Intermittent Fasting and your cholesterol

November 28, 2022 by Clelia Lima0

Did you know that your cholesterol plays important roles in your body including building cells and making hormones?

The American Heart Association defines cholesterol as a waxy substance, which isn’t essentially “bad.” But too much cholesterol can be a problem, leading to a higher risk of heart attack and stroke.

Can Intermittent Fasting impact your cholesterol?

Before answering this question, let’s understand cholesterol’s relationship with your liver.

Only about 20% of your cholesterol comes from the foods you eat. Your liver makes most of the cholesterol you need and sends it out for other cells functions. It also receives the excess cholesterol back for processing and removal from the body. Your cholesterol levels stay healthy when the liver is doing its job well.

However, your liver may be damaged and unable to recycle the cholesterol properly due to genetics or an unhealthy lifestyle. Just remember that science has debunked the low-fat diet as beneficial for cholesterol control and heart health. The main issue is to recognize the different kinds of fats.

Good fats are unsaturated. Some sources of good fats are olives, peanuts, avocados, most nuts, and most seeds. Fish such as salmon, mackerel, herring are rich in omega-3 fatty acids and are beneficial to keep a healthy cardiovascular system.

Are saturated fats good or bad? There’s a lot of conflicting information about it. The American Heart Association recommends limiting saturated fats – which are found in butter, cheese, red meat, and other animal-based foods. Saturated fats from grass-fed animals are preferred.

Trans fats are the worst. Your liver may work overtime when you eat foods containing trans fats. They increase your bad cholesterol and decrease your good cholesterol.

Most trans fats are made by adding hydrogen to cheap vegetable oil. They have been used by the food industry as it keeps food with a longer shelf life.

Some products to avoid are commercial baked goods such as cakes, cookies, and pies. Microwave popcorn. Frozen pizza. French fries. Doughnuts. Margarine. Processed foods in general are dangerous to your health.

Cholesterol travels to and from your cells via two types of lipoproteins.

  1. LDL is the bad cholesterol – Low-density lipoprotein. It moves cholesterol from your liver to your body. Some of the LDL particles can enter the walls of your arteries and form harmful cholesterol deposits.
  2. HDL is the good cholesterol – High-density lipoprotein. It carries some of the LDL (bad) cholesterol away from your arteries and back to your liver.

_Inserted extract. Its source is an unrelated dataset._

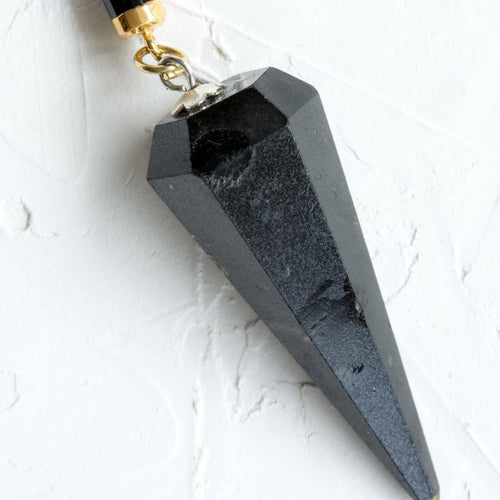 Pendulum, Black Spinal | Black Agate Mend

Triglycerides are the most common type of fat stored in your body, which comes from excess food consumption besides what is produced by your liver. High levels of triglycerides in addition to low levels of HDL can be an indication of insulin resistance and metabolic syndrome.

  • Check your cholesterol It’s key to know your numbers and assess your risk.
  • Change your lifestyle. Eat a healthy diet, exercise regularly, sleep well, stop smoking.
  • Control your cholesterol, with help from your healthcare provider if needed.

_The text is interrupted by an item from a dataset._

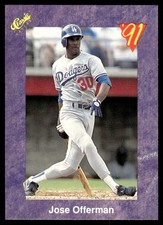 1991 Classic Game Purple Jose Offerman Los Angeles Dodgers #145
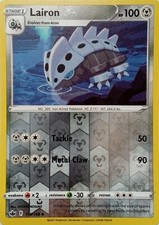 110/198 LAIRON REVERSE HOLO CHILLING REIGN POKEMON CARD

Intermittent fasting has been shown to benefit cholesterol control in many studies. The effects of fasting on weight loss may play a role in this process.

It’s not about calories. It’s all about the quality of the calories and the time you eat. 100 calories of soda vs. 100 calories of salmon produces a different insulin response and fat storage.

Fasting lowers your glucose levels, so the pancreas stops the production of insulin and starts producing glucagon to prompt the liver to change glycogen into glucose for energy. After your liver stores of glycogen are depleted, your fatty cells mobilize fatty acids to supply the energy your body needs to function.

During intermittent fasting there is a switch from sugar-based energy to fat-based energy production.

Intermittent fasting is a broad term for time restricted eating. There are many ways to practice it and it’s important you have the guidance of your healthcare provider.

Remember that any lifestyle change has to fit your own needs and preferences to be sustainable long term.